19:26:18 <clarkb> fungi: gerrit uses a lot of memory and I expect its db does too
19:26:27 <clarkb> it might be an exception to general cohabitation for our services
19:27:04 <clarkb> but I think we should consider not using trove as part of its upgrades
19:27:06 <mordred> yeah. I think eventually having a dedicated galera cluster for gerrit might be nice
19:27:13 <fungi> ahh, yeah, maybe we'd deploy it in a container on a separate server in that case
19:27:16 <fungi> or serverS
19:27:17 <mordred> oh - wait - duh
19:27:19 <mordred> NEVERMIND
19:27:26 <mordred> as part of gerrit ugprades we're getting rid of mysql
19:27:31 <clarkb> mordred: not entirely
19:27:33 <mordred> so - it stops being an issue
19:27:42 <clarkb> but I bet the db does use far less memroy in the new setup
19:27:42 <fungi> er, well, it's not so heavily used at least
19:27:45 <mordred> mostly - I don't really care about the one remaining table
19:27:47 <mordred> yeah
19:27:47 <fungi> so maybe would fit on the same server
19:27:50 <mordred> we can switch to local for that
19:27:54 <clarkb> got it
19:27:57 <fungi> makes sense
19:28:01 <mordred> we could probably just use h2 even
19:28:02 <fungi> i agree
19:28:48 <clarkb> alright anything else on config management, docker, gerrit, backups?

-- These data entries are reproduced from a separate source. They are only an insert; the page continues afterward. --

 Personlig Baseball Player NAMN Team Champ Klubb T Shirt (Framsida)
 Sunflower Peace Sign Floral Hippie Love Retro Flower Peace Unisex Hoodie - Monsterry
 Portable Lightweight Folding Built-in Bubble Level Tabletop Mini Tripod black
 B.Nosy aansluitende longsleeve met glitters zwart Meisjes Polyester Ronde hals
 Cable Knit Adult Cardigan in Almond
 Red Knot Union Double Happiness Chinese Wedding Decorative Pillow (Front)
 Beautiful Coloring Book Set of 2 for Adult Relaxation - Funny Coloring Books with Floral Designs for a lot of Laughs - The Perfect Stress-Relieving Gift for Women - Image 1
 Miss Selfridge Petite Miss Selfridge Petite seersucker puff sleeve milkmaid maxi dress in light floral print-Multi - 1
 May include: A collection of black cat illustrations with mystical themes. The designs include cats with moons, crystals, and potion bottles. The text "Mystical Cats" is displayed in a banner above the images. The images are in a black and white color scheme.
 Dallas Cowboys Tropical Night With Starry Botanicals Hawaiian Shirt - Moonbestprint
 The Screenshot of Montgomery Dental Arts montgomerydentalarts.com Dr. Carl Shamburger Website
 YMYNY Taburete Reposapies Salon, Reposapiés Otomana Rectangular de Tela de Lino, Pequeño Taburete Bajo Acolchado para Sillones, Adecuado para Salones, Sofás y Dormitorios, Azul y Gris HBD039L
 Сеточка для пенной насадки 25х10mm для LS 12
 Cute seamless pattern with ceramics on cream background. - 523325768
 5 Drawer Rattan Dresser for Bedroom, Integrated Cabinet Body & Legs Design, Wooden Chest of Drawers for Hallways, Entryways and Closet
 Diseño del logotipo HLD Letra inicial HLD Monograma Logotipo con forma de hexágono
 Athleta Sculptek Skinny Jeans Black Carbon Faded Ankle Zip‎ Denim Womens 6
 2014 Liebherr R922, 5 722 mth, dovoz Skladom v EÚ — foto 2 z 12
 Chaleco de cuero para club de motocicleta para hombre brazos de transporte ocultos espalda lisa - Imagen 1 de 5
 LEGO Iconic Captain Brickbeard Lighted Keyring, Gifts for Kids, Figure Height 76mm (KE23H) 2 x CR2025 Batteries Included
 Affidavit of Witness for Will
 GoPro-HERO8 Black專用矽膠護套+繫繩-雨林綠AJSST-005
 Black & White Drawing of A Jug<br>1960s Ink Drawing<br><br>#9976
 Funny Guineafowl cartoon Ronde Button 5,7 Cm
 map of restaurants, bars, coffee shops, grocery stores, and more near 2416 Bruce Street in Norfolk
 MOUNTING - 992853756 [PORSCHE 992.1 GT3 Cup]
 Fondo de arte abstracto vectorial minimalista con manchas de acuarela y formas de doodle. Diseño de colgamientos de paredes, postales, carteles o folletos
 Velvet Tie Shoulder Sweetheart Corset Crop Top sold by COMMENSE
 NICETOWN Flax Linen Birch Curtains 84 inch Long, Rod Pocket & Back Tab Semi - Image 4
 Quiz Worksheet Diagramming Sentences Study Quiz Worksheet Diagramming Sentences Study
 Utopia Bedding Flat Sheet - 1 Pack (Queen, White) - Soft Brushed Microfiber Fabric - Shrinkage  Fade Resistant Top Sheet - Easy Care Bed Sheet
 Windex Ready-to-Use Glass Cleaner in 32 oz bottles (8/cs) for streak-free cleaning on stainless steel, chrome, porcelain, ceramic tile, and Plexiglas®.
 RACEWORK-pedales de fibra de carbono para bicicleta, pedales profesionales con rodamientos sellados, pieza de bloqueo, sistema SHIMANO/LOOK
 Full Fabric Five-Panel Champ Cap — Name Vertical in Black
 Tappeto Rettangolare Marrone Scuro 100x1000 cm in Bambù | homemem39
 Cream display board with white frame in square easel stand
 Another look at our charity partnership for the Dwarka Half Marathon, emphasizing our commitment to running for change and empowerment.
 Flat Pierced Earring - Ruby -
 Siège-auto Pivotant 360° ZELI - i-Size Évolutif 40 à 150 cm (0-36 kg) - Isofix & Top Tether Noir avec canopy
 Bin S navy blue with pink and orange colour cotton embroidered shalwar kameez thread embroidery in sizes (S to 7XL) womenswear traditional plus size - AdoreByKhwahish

19:28:55 <mordred> once the project-config stack and then gerritbot are done I'll start working on gerrit upgrade planning
19:29:04 <clarkb> mordred: !
19:29:33 <clarkb> mordred: I wonder if we can manipulate my ideas for testing of upgrades to do some of the work there
19:29:48 <mordred> (general idea is probably going to be an upgrade event to get to 2.16, then pause there for a while letting it do online migration to notedb - then upgrade to 3.1)
19:29:49 <clarkb> I think I'll have time tomorrow to really dig into that. We'll see :)
19:30:07 <mordred> but we'll do testing of that first and find out
19:30:20 <fungi> 2.16 has the new review screen and polygerrit both available, right?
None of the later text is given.